The striking-mechanism body has a lateral surface and an impact surface. The pulse impact of the striking-mechanism body against the impact surface is regularly transmitted to a pulse-receiving part. The pulse-receiving part can be a tool of the handheld power tool, for instance, a drill bit or a chisel, that receives the pulse impact against the head surface of a tool. Pulse-transmitting impact surfaces serve primarily to transmit pulses between striking-mechanism bodies inside the striking mechanism, in other words, for example, between a striker and a striking pin. Parts of the striking mechanism have to be able to withstand relatively high stresses, especially on an impact surface and/or on a lateral surface.
A striking-mechanism body is known which is made of a case-hardened steel or tempered steel that has been treated, for example, in its entirety by means of case-hardening or tempering or by means of some other heat treatment and that, as such, has identical properties in a single piece along the entire striking-mechanism body, especially also identical properties on the impact surface and on the lateral surface. It has been shown, however, that a striking-mechanism body is exposed in different areas to different stresses, thus making different requirements of the material of the striking-mechanism body. As the energy density in a striking mechanism increases, that is to say, as the ratio of the energy input to the dimensions of a striking-mechanism body increases, the more stringent the requirements become. Thus, for instance, in Japanese laid-open document JP 101 69 358 A, an attempt is made to increase the energy density in a striking mechanism by increasing the specific density of the striking-mechanism body. Even when very high-grade materials and conventional heat-treatment methods are employed for the striking-mechanism body, excessive stresses and premature material fatigue ultimately cannot be avoided at the highest energy densities. The decisive factor is the pulse of a striking-mechanism body—resulting from the velocity and the moved mass—in relation to the resistance of the material of the striking-mechanism body, especially its impact surface and/or lateral surface. Moreover, large striking masses of a striking-mechanism body always translate into a larger installation space for the striking mechanism in terms of its diameter and length, thus leading to larger and possibly disproportionally heavy machines.

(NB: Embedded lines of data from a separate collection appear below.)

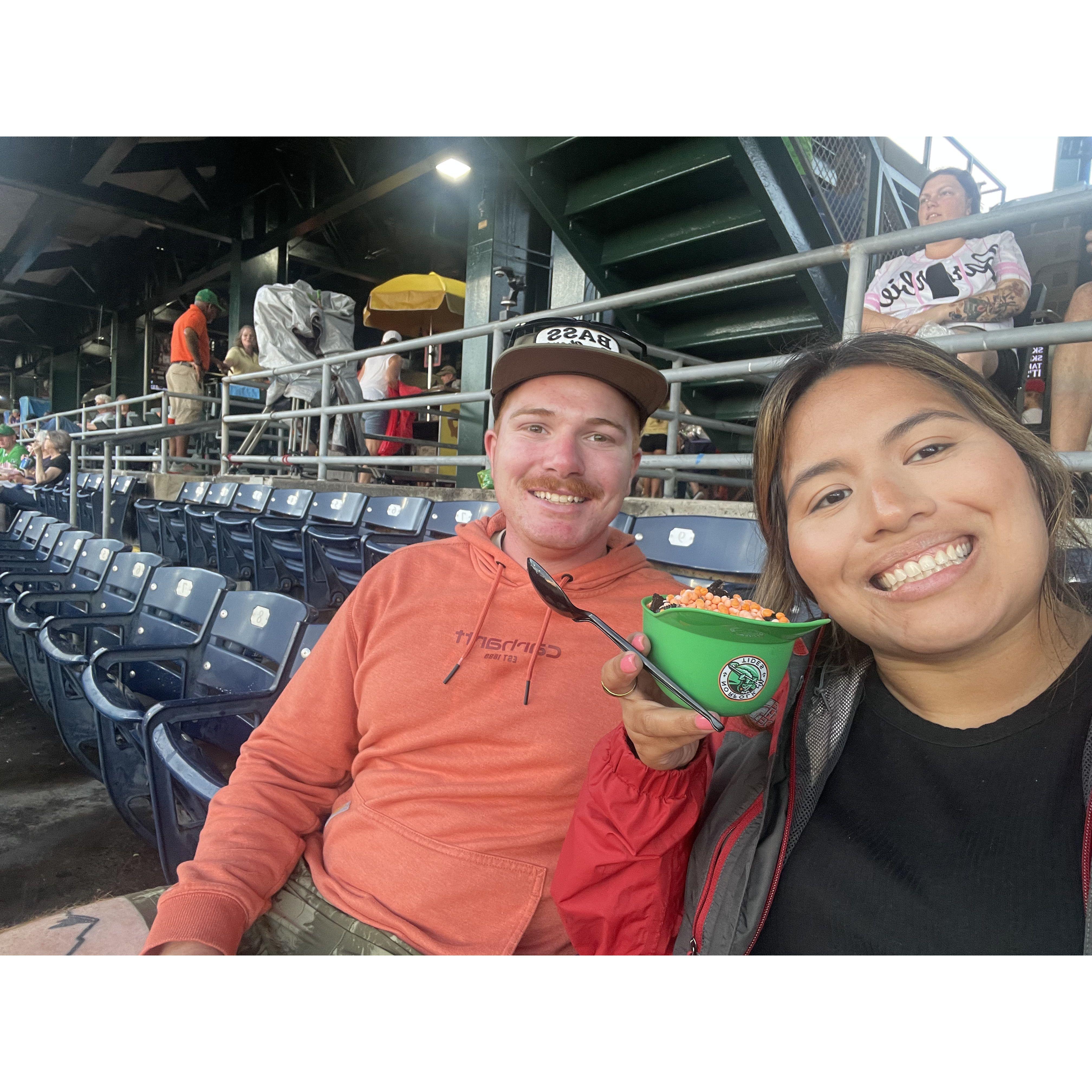 Norfolk Tides baseball game (and the ice cream).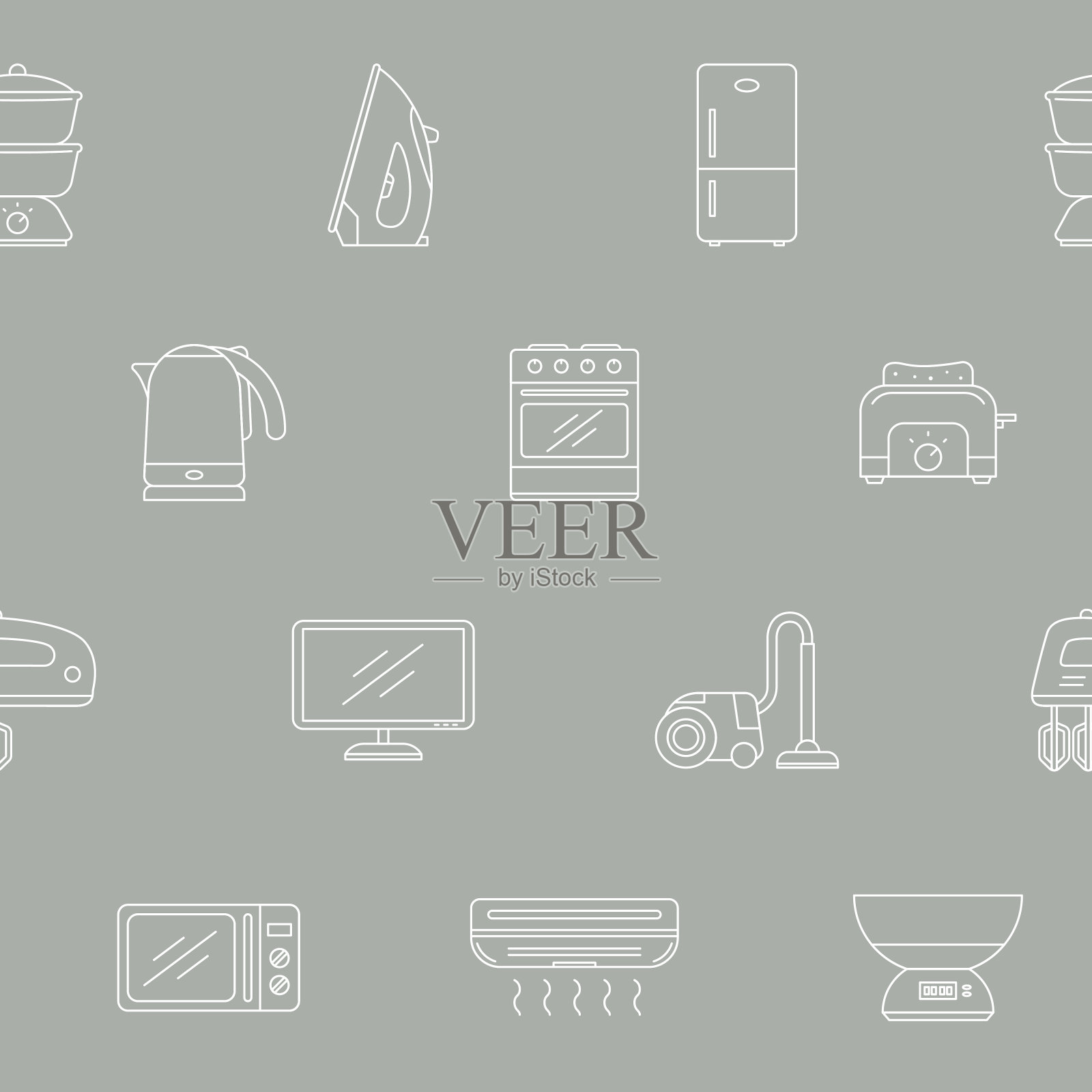 家用机器背景04-06插画图片素材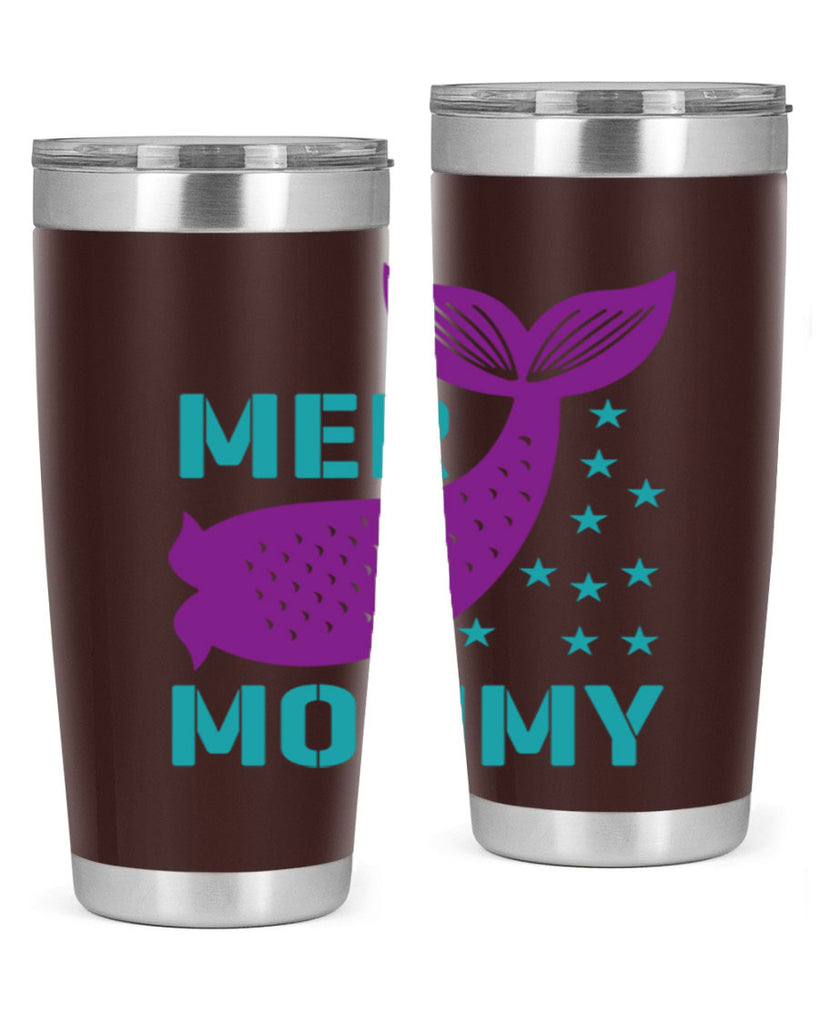 Mer Mommy 342#- mermaid- Tumbler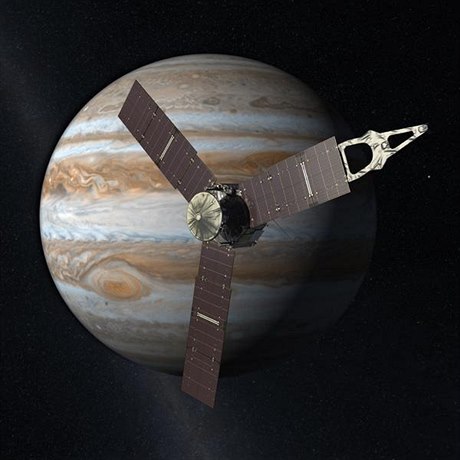 Jupiter je nejvtí planetou slunení soustavy.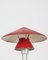 Vintage Table Lamp in Red Metal, 1960s 4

For instance, international document WO 99/67063 discloses measures that attempt to reduce the weight of a drive piston for an air-spring striking mechanism in that the piston suspension is made of a plastic material. Moreover, U.S. Pat. No. 3,114,421 or Japanese laid-open document JP 2006 123025 A disclose other measures for adjusting the mass of the striking-mechanism body by selecting different material densities. These measures, however, are inadequate since, on the one hand, only an insufficient bond can be achieved among different masses of parts of the striking mechanism. In any case, on the other hand, the most heavily stressed areas of a striking-mechanism body, namely the impact surfaces and the lateral surfaces, turn out to be insufficiently resistant. Alternatively, Japanese laid-open document JP 8197458 A or German patent application DE 103 044 07 A1 or German document DE 922 038, for example, disclose striking-mechanism bodies having cavities which, when filled with plastic particles or individual particles, have a damping effect on the motion of the striking-mechanism body.
Such measures cannot offset negative effects such as so-called reverberation or the generation of excessive tensile stresses in the tool being used. Negative effects such as, for example, spark discharge as described in Japanese laid-open document JP 10156757 A, can only be prevented to a limited extent in that parts made of a beryllium-copper compound or reinforced plastic are glued or welded onto the colliding parts of a striker and of a striking pin. Such parts cited in JP 10156757 A, however, regularly prove to be insufficiently resistant.